Il nuovo round di colloqui potrebbe costituire un vero e proprio balzo in avanti nei rapporti tra i vicini asiatici. In mancanza di relazioni formali -dal 1949 non è mai stato firmato alcun accordo di pace tra le due entità- il SEF, ovvero la Straits Exchange Foundation, e l’ARATS, l’Association for Relations Across the Taiwan Straits, hanno rappresentato rispettivamente il principale canale diplomatico tra i governi di Taipei e Pechino, dai primi anni ’90 a oggi. «Ma, se l’incontro tra Wang Yu-chi e Zhang Zhijun dovesse inaugurare l’inizio di un ‘dialogo diretto’ face-to-face tra alti funzionari, le due istituzioni semi-ufficiali avranno ancora motivo di esistere?» si chiedono media ed esperti taiwanesi. Stando a quanto affermato da Wang in questi giorni, per il momento SEF e ARATS verranno mantenuti, in futuro però chissà. Tanto più che il meeting di Nanchino ha scatenato una girandola di voci su un possibile incontro niente meno che tra i due capi di Stato Xi Jinping e Ma Yingjeou. Magari in occasione del prossimo forum APEC, che si terrà a ottobre nella capitale del Regno di Mezzo.

Fino ad oggi il Presidente della Repubblica di Cina è stato escluso dal summit proprio per via delle opposizioni di Pechino, venendo generalmente sostituito da ex funzionari in vesti ufficiose.
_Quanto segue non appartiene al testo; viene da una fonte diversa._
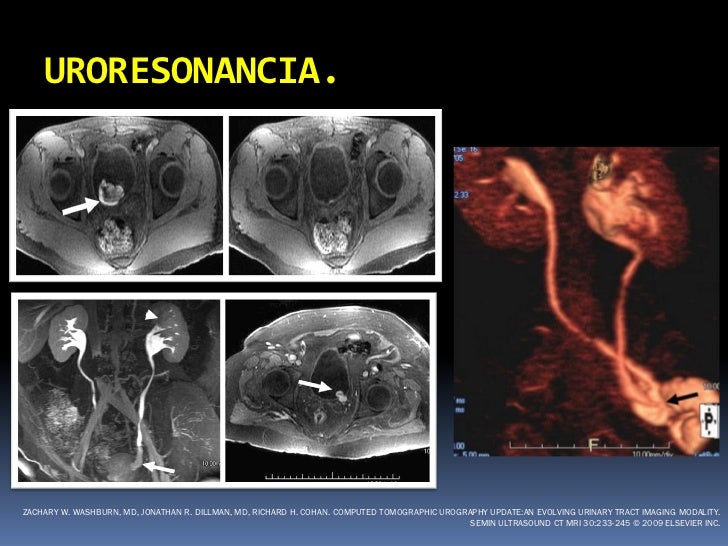 Hematuria Macroscopica Asintomatica En Hombres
Ma, sottolinea l’agenzia statale taiwanese CNA‘, «dato che i partecipanti dell’APEC vengono identificati semplicemente come ‘leader’ invece che con il loro titolo ufficiale, il MAC ritiene che il summit potrebbe essere una buona occasione per un’interazione a pari livello dei leader di Taiwan e Cina». L’APEC si definisce organismo e non organizzazione internazionale proprio perché, essendo composto da economie e non da Stati, è privo di una piena personalità giuridica e ciò spiega come mai possano farne parte contemporaneamente la Cina continentale, Hong Kong e Taiwan; ossia tre realtà che, secondo Pechino e tutti i governi che intrattengo rapporti diplomatici con Pechino, territorialmente appartengono alla Repubblica popolare.
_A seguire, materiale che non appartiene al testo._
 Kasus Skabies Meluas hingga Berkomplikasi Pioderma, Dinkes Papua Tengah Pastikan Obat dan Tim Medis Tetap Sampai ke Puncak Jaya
Il PDD (Partito Democratico Progressista), principale Partito d’opposizione taiwanese guidato da Su Tseng-chang, invita alla cautela sottolineando come un colloquio diretto tra Xi e Ma potrebbe venire sfruttato da Pechino al fine di imporre precondizioni per le relazioni bilaterali, spingendo Taiwan a fare concessione che rischierebbero di minacciarne l’indipendenza de facto. Al contempo -come evidenzia l’analista Wu Shang-su sul Diplomat‘- lo stesso PDD di recente è stato costretto a rivedere le sue posizioni nei confronti della Cina continentale, dopo l’ultima sconfitta alle presidenziali del 2012, nuovamente vinte da Ma Ying-jeou e dalla linea filocinese.

Stando a un sondaggio pubblicato a dicembre sul ‘Taipei Times‘, il 66% dei cittadini si dice a favore dello status quo, il 24% vorrebbe l’indipendenza di Taiwan, mentre soltanto il 7% auspica l’unificazione delle due Cine. E sebbene la ‘Resolution on Taiwan’s Future’, principale documento del DPP inneggiante all’indipendenza, non sia mai stata rinnegata, oggi tuttavia anche tra le fila dell’opposizione sono in molti a ritenerla superata.